Lucy Baldwin, head of Citi's global research team, has identified a new global phenomenon known as "jobless prosperity".


"GDP growth is robust and resilient, yet employment data in the US and certain parts of the world remains weak." She explained that the job market is highly sensitive to interest rates. The Federal Reserve's continuous interest rate cuts will improve the employment situation in industries under pressure from high interest rates. However, the impact of artificial intelligence on middle and low-level jobs has already become apparent. "Citi's research indicates that middle and low-level jobs face greater challenges, and graduates in many parts of the world are struggling to find employment." In the long run, the impact of AI on employment remains a key challenge that policymakers need to address.

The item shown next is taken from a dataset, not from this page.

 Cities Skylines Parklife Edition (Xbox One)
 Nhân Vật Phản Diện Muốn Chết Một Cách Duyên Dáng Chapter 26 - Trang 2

Regarding the gold trend that the market is concerned about, Lucy Baldwin believes that the currency depreciation trade has essentially come to an end. "Gold prices have risen by 50% this year, and the cumulative increase over the past two years has exceeded 100%. There are short-term downside risks," but in the long run, it still has support - central banks' gold purchases, ETF inflows, and the interest rate cut cycle will be positive. The status of the US dollar as the global reserve currency is still difficult to shake in the short term, despite the emergence of challenging factors.


Xiangrong Yu, Chief Economist of Citi for Greater China, compared the "Suggestions" on the 14th Five-Year Plan adopted at the Fourth Plenary Session to a "newscript" for China's economy.


He stated, "The core narrative revolves around technological self-reliance and the rebalancing of supply and demand, emphasizing the development of new productive forces. Simultaneously, pragmatic measures such as building a nationwide market and increasing the consumption rate of residents are taken to advance economic rebalancing, directly addressing market concerns.".


In terms of growth expectations, Yu Xiangrong holds a constructive view towards China's economy: "GDP has grown by 5.2% in the first three quarters, and the growth target of 5% for this year is likely to be achieved." As the first year of the 14th Five-Year Plan, he predicts that the growth target for 2026 will remain "around 5%", with a baseline forecast of 4.7%, "and favorable factors such as the conclusion of a phased trade agreement between China and the United States are increasing.".


In terms of policy, Yu Xiangrong predicts that a pattern of "fiscal dominance and moderate monetary easing" will emerge.


"Under multiple constraints, it is difficult to implement a broad stimulus. It is expected that interest rates will be cut by 20 basis points and the required reserve ratio will be reduced by 50 basis points in 2026, mainly serving as a signal," he explained. The current policy interest rate of 1.4% and effective reserve ratio of 6.2% are already at a low level. The inversion between bank net interest margins and non-performing loan ratios has restricted the room for monetary policy.


Fiscal policy will continue to be implemented with sustained strength. The deficit ratio of the general public budget is expected to be 4%, with a quota of 1.6 trillion yuan for ultra-long-term special treasury bonds and 4.9 trillion yuan for local government special bonds, of which 4.1 trillion yuan will support economic growth. The scale of the generalized fiscal deficit will reach 11.8 trillion yuan, accounting for 7.9% of GDP.